FILUMENA MARTURANO
According to the longest, most meticulous and beautiful caption ever written from Eduardo, the most celebrated heroine of his theater appears on stage as the last lights of day fade. She is standing on the threshold of the room from bed, her arms folded in an act of defiance; in her shirt from night, bare feet in her slippers scendiletto, hair in disarray, with a few gray strands denouncing all her forty-eight years and an "attitude from wounded beast, ready to to take the leap over her adversary." Domenico Soriano is in the opposite corner of the room and the stage, as if in an ideal boxing ring. He is a handsome, solid, youthful 50-year-old, who has enjoyed life on the money from the bakery left to him by his father. from young man they called him Don Mimì (after Eduardo Scarpetta's gaudy son) and he was famous for horses, women and whimsy. Now he stands there, pajama pants and jacket summarily buttoned, "pale and convulsing in front of to Filumena, to that woman "from nothing" who for so many years has been treated from him almost like a slave and who now holds him in her grasp." In the other two corners of the room, waiting-they look like the "seconds" of boxers about to face each other-are Rosalia Solimene, a woman of the people who from always helps Filumena, and Alfredo Amoroso, "who sums up his master's entire past."

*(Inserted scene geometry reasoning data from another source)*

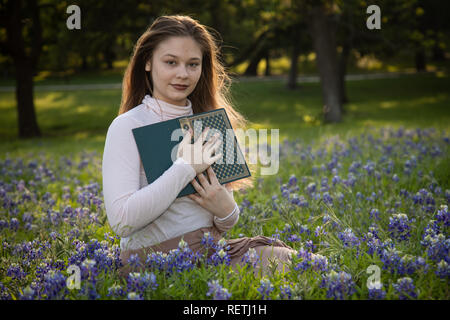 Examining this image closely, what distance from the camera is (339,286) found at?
2.06m

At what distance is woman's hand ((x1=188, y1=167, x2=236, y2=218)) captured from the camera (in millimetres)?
2398

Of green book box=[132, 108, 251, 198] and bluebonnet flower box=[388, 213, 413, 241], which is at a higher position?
green book box=[132, 108, 251, 198]

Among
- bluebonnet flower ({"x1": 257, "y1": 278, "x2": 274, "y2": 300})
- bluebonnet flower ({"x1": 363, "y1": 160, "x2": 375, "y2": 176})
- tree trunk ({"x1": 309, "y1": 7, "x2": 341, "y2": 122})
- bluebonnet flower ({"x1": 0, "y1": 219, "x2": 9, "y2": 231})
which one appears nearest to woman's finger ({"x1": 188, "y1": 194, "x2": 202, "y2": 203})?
bluebonnet flower ({"x1": 257, "y1": 278, "x2": 274, "y2": 300})

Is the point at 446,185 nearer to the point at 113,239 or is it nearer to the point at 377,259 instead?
the point at 377,259

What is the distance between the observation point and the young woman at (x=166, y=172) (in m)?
2.26

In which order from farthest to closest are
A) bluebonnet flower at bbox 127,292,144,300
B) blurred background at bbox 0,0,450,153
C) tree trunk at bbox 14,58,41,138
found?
1. tree trunk at bbox 14,58,41,138
2. blurred background at bbox 0,0,450,153
3. bluebonnet flower at bbox 127,292,144,300

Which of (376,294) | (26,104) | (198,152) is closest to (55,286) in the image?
(198,152)

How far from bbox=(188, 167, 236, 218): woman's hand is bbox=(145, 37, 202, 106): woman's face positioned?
562 mm

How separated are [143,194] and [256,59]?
25.8m

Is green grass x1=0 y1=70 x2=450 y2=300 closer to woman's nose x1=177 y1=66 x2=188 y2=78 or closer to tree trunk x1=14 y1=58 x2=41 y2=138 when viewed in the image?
woman's nose x1=177 y1=66 x2=188 y2=78

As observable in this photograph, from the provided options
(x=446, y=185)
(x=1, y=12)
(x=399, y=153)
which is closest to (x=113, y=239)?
(x=446, y=185)

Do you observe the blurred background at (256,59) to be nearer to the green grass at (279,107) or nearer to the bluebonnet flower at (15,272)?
the green grass at (279,107)

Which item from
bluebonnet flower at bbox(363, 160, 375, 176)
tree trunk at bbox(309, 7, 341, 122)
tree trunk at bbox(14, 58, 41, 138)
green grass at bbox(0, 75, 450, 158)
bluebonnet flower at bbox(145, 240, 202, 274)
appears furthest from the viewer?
tree trunk at bbox(14, 58, 41, 138)

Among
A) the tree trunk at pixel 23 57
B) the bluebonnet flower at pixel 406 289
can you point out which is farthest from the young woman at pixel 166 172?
the tree trunk at pixel 23 57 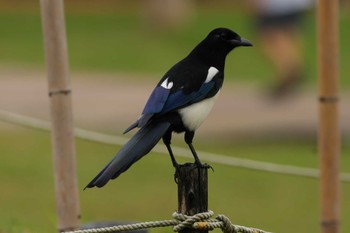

Domenico is furious because Filumena, a former prostitute who from has been living with him for years as the most patient and submissive of wives, managed to to wrest a marriage from him, making him believe that he was on the verge of death. Then, after those nuptials in articulo mortis, she had leapt from her bed, healed and fiercely satisfied that she had resumed her rightful place in the home that for so many years she had helped to prosper. to that extreme stratagem had resolved itself because, after a thousand adventures from she endured in silence, her man now wanted to give her the cold shoulder, to marry a girl in her 20s. And that was not all, because in a startling revelation she had told of having three secret children, already grown up, and moreover raised to nanny thanks to stolen deniers to Soriano. The latter flew into a rage, declared that the marriage had been stolen from him by deception and obtained its annulment.
Then the indomitable Filumena falls back on another, more subtle ruse: one of the three young men is Domenico's son. Which one? The woman leaves the house, her house, taking the secret with her. Domenico, gripped by the most anguished curiosity, begs her to reveal the truth to him; but in the meantime he rediscovers all the woman's human qualities. And in order not to let his son slip away, he agrees to to get rid of his fiancée, to marry - this time for real - Filumena and to take the three young men into his home. But not even as a wife will Filumena reveal the secret. Mother of all three, she will not accept that one of them enjoys any privilege. Thus, in the end, Domenico will accept them all serenely, repeating her words, "'E figlie so' ffiglie... E so' tutti eguale... You are right Filume', you are right!"
Maurizio Giammusso_ from "Life of Eduardo," Elleu_ Editions.
Filumena Marturano-perhaps the best-known postwar Italian comedy performed abroad-has a central role in Eduardo De Filippo's production, ranking among the first texts of that Cantata dei giorni dispari which, to starting from Napoli milionaria!, collects the most complex and problematic works in which the dramas, anxieties and hopes of a country and a people shattered by the war are poured out.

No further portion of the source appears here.